If you're talking about a traditional, chisel edged deba -- then no way. If you're talking about a "V" edged yo-deba, then maybe. However, your German knife, other than being too short, is a lot tougher than most yo-debas and better suited to most yo-deba tasks at least as a westerner would undertake them, than a good yo-deba. You certainly don't need an alloy hardened to more than 60HrC to split chickens -- in fact it's something of a handicap. On the other hand, an edge which takes a lot of abuse and then can be restored on a steel is a wonderful thing.

A lot to chew on,
BDL


----------



## winkeladvokat (Oct 6, 2009)

Wow, that's an exceptionally useful reply, thanks a lot!!!

It's a Fibrox, and yes, I know what you mean about whippy.

It measures roughly 10" depending where you start the tape, so, yes 25-25.5cm.

Short knives, lol, actually I like the sab the most! However, years of grad school have meant my knives have been acquired in haphazard fashion due to budgetary constraints 

Yes, I did have this in mind. I've seen good prices on Naniwa superstones, which seem to come highly recommended. I totally accept that my sharpening skills could do with improvement.
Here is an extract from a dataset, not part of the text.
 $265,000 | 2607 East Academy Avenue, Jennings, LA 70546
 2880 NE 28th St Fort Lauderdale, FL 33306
I guess I meant because of the tendency to bring the knife down hard during chopping.

Re parsely technique, my mother's family are from Cyprus. This means *lots* of parsley and the tendency for cooking to become a group activity  So, I learnt this as a kid and haven't really done anything different since then. Point taken, I'll happily review my technique.

Point completely taken, usuba and deba are off the agenda. Thanks for making it clear! 
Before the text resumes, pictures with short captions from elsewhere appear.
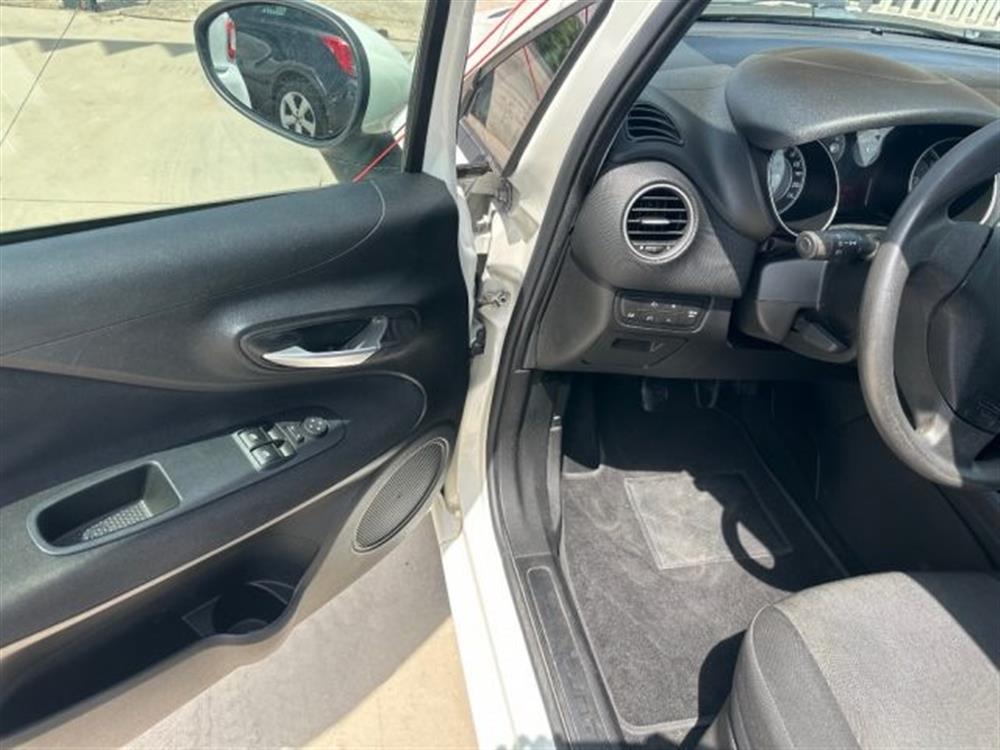 Punto   Punto 1.4 5P Natural Power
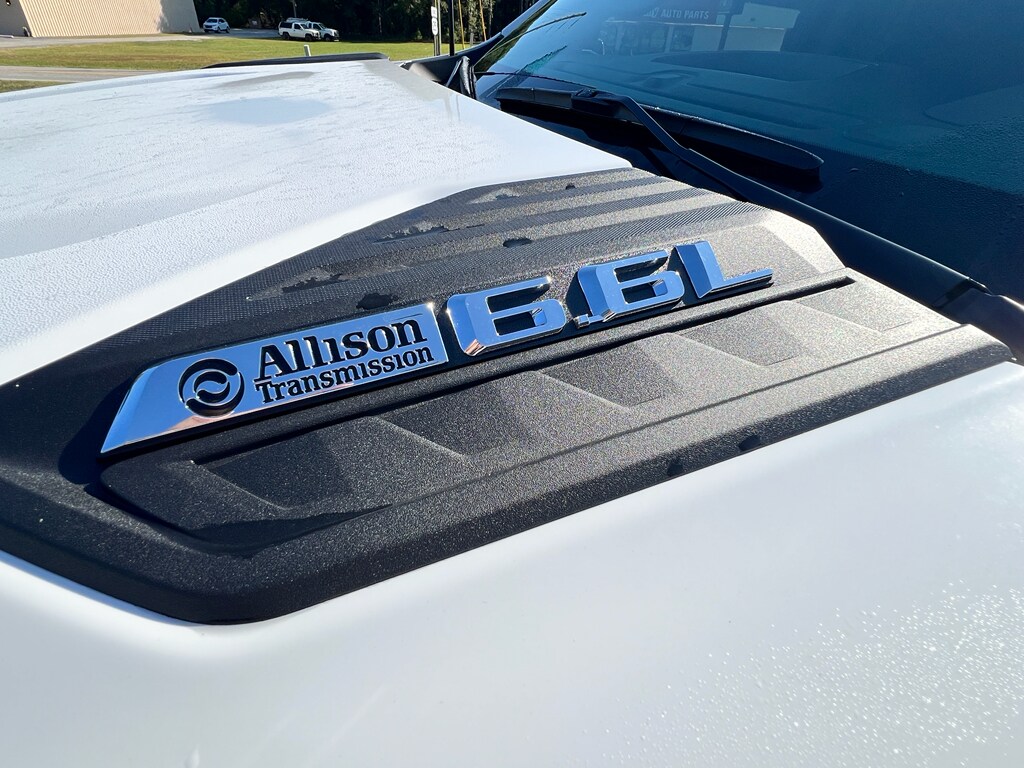 2025 Chevrolet Silverado 2500HD Custom photo 4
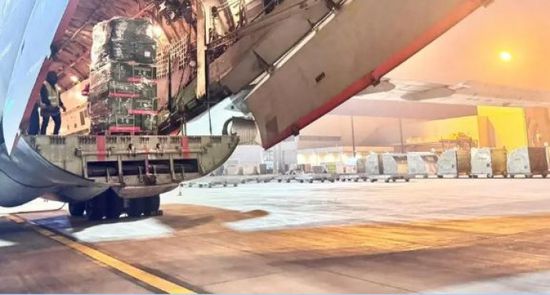 للشعب السوري.. طائرة مساعدات سعودية جديدة تغادر لمطار دمشق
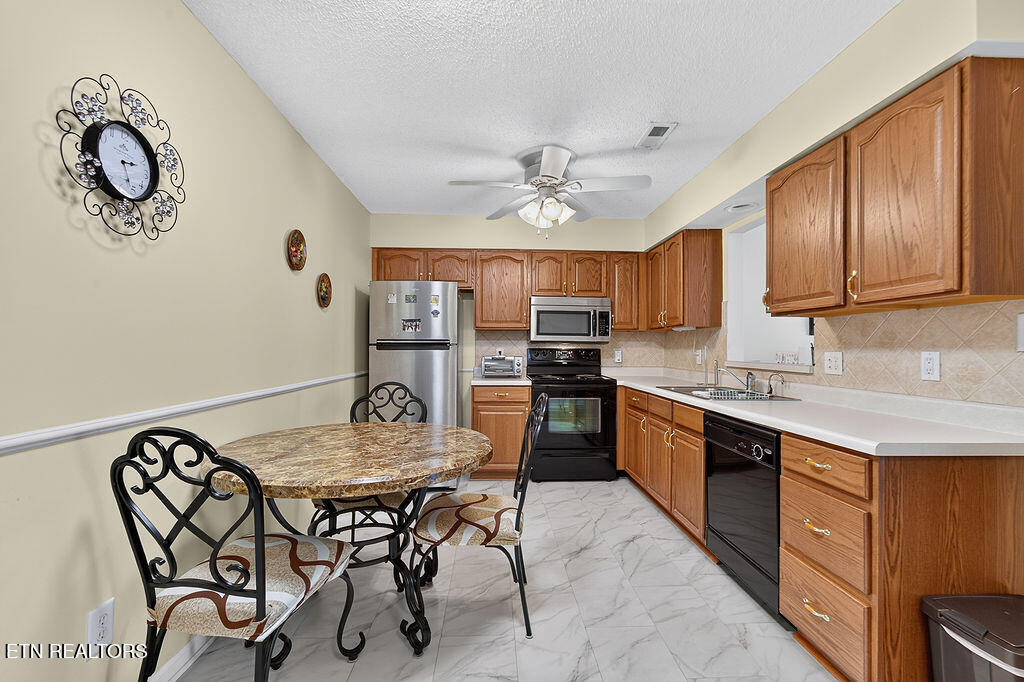 8033 Stablegate Way Powell, TN 37849 - Photo 13 of 24 LB1A7581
I should take some pics, I've seen chefs here happily mincing fish and chicken with deba. Plus smaller ones used on chunkier veg, like radish and yam. Anyway it's an irrelevancy, Japanese chefs are exceptionally skillful, they make everything look effortless, and I'm never going to get skills like that!!!

Out of curiosity, what makes a usuba so hard to learn to use? I can imagine a deba, because the techniques are so different and it's a good chunk of steel, but an usuba looks quite straightforward, in slicing mode at least. (E.g. no daikon!). 

How do you mean restored exactly, and is this expensive? When I found it, it was quite discolored but still relatively sharp. Some steel wool later and it cleaned up a bit, plus I've been keeping it as sharp as I can on the stones. I guess the acid test will be a direct comparison with the Misono - if it's performance can be improved, then great, because I really enjoy using it. Indeed, it may even be worth considering getting a new one - the prices on the k-sabatier website look very good at the minute.

Thanks again,


----------



## winkeladvokat (Oct 6, 2009)

Just answered one of my questions... I've just spotted a thread in Fred's Cutlery Forum entitled "Usuba Argh!". I think I now understand


----------



## chrislehrer (Oct 9, 2008)

Yup, I'm the "usuba argh" guy.

Couple brief notes.

1. Usuba. Don't go there. Expensive, pain in the butt, and totally useless when paired with French/German knife forms. Brilliant knife for what it is, but to really master it will take several years during which you will essentially never be able to allow yourself to use any kind of chef's knife/gyuto.

2. Deba. BDL is, quite unusually, wrong for once. A deba is certainly used for mincing and chopping. BUT in order to do this, you'd need to buy a fairly big one -- at least 195mm and preferably more like 210. Then you have to back-bevel the heelmost third of the blade just a little bit so it can take the blows. Having done that, you're all set for hand-mincing and chopping. But unless you deal with whole fish on a fairly regular basis, this is a silly knife to buy just for the mincing.


----------



## phaedrus (Dec 23, 2004)

I don't like debas for chopping. They're fine I suppose if you're chopping stuff randomly but they steer too much to use that way, IMO.


----------



## chrislehrer (Oct 9, 2008)

We may mean something different by "chopping." I mean essentially coarse mincing. I'm talking about a kind of chopping that honestly cannot be done with an usuba (assuming you don't want to totally screw up the edge).


----------



## phaedrus (Dec 23, 2004)

Okay, that would work fine.


----------



## boar_d_laze (Feb 13, 2008)

I stand corrected. The guy I learned pretty much everything I know about traditional Japanese knife technique (which isn't much) is an outstanding technician, but is just one guy. In his restaurant, most chopping prep work was done in the kitchen and/or during the day with chef's knives/gyutos. This included just about everything but fish and sush/sashimi mise. If there were mise chopping to be done at the bar in the evening he used a usuba, and a chef's during the day. Paranthetically, different day and evening knife sets for up-front cutting is not that unusual in Southern California sushi-ya. The only deba chopping I witnessed was negi-toro. 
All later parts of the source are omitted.